Top of The records

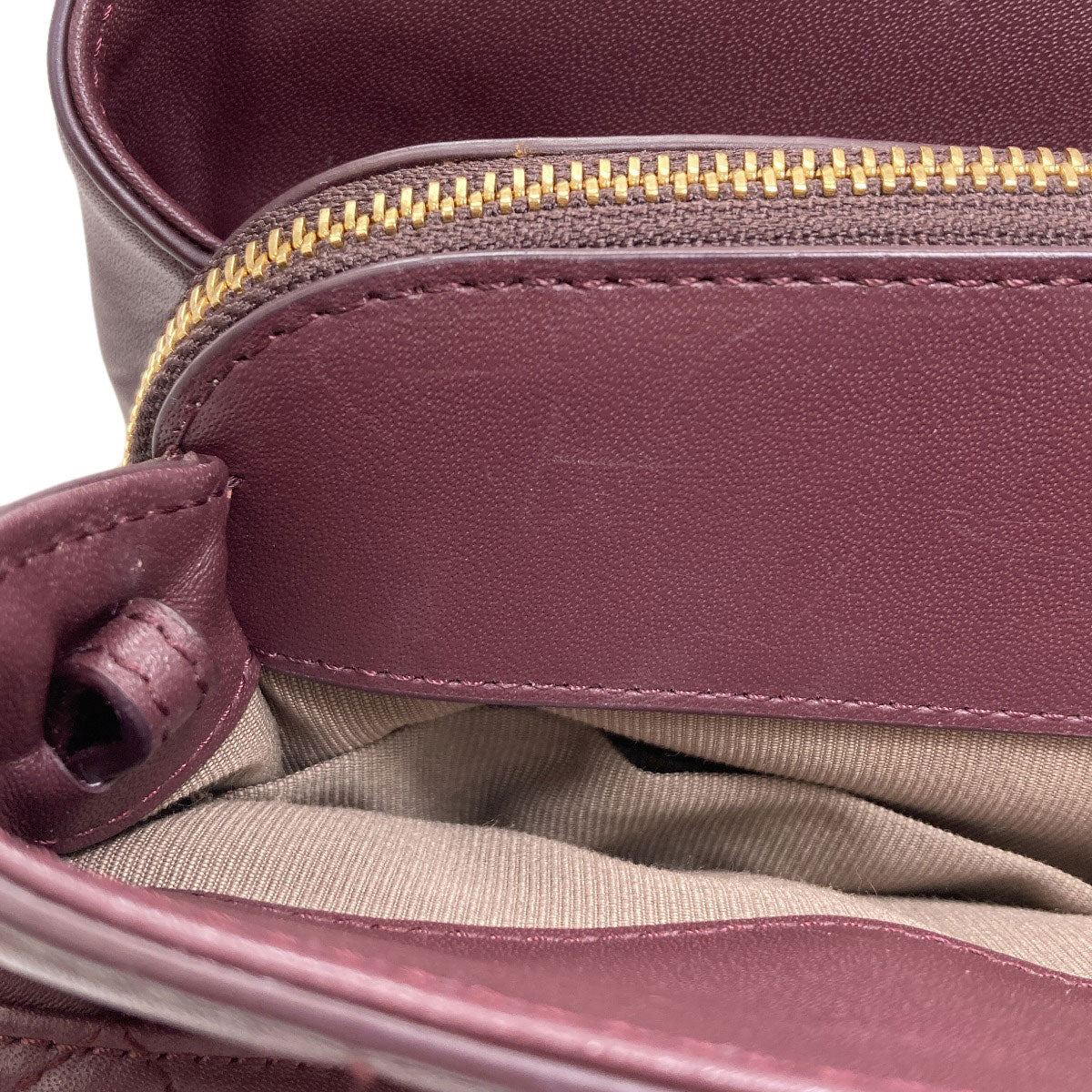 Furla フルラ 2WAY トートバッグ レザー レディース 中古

Bottom of The records
Top of The records

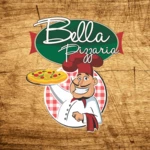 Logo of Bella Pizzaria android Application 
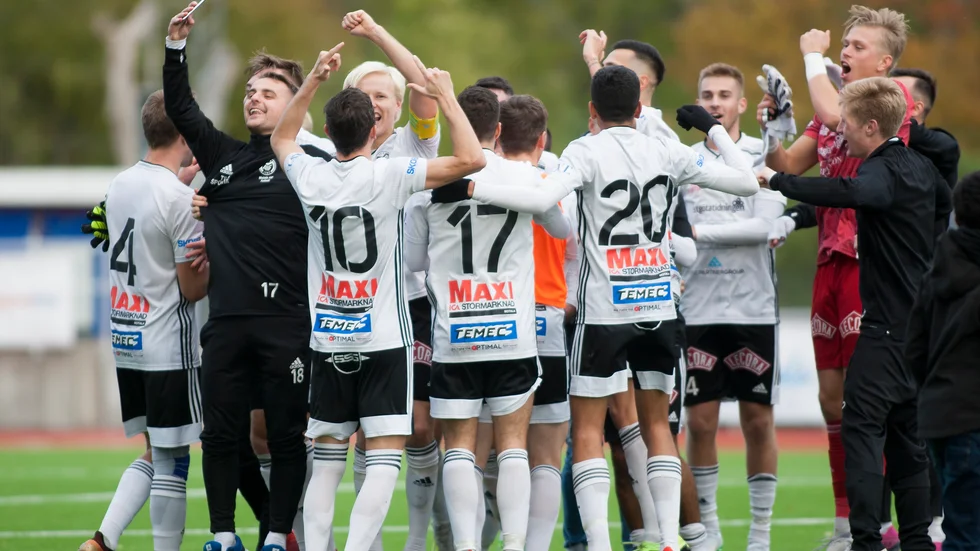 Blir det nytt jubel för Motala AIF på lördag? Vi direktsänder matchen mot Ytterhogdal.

Bottom of The records
Top of The records

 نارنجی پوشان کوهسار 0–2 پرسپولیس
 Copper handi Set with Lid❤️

Bottom of The records

Problem: In the listing above, find the line containing "Logo of Bella Pizzaria android Application" and the line containing "Blir det nytt". Print those two lines and every line between them exactly, with no pictures.

Result for this exercise:
 Logo of Bella Pizzaria android Application 
 Blir det nytt jubel för Motala AIF på lördag? Vi direktsänder matchen mot Ytterhogdal.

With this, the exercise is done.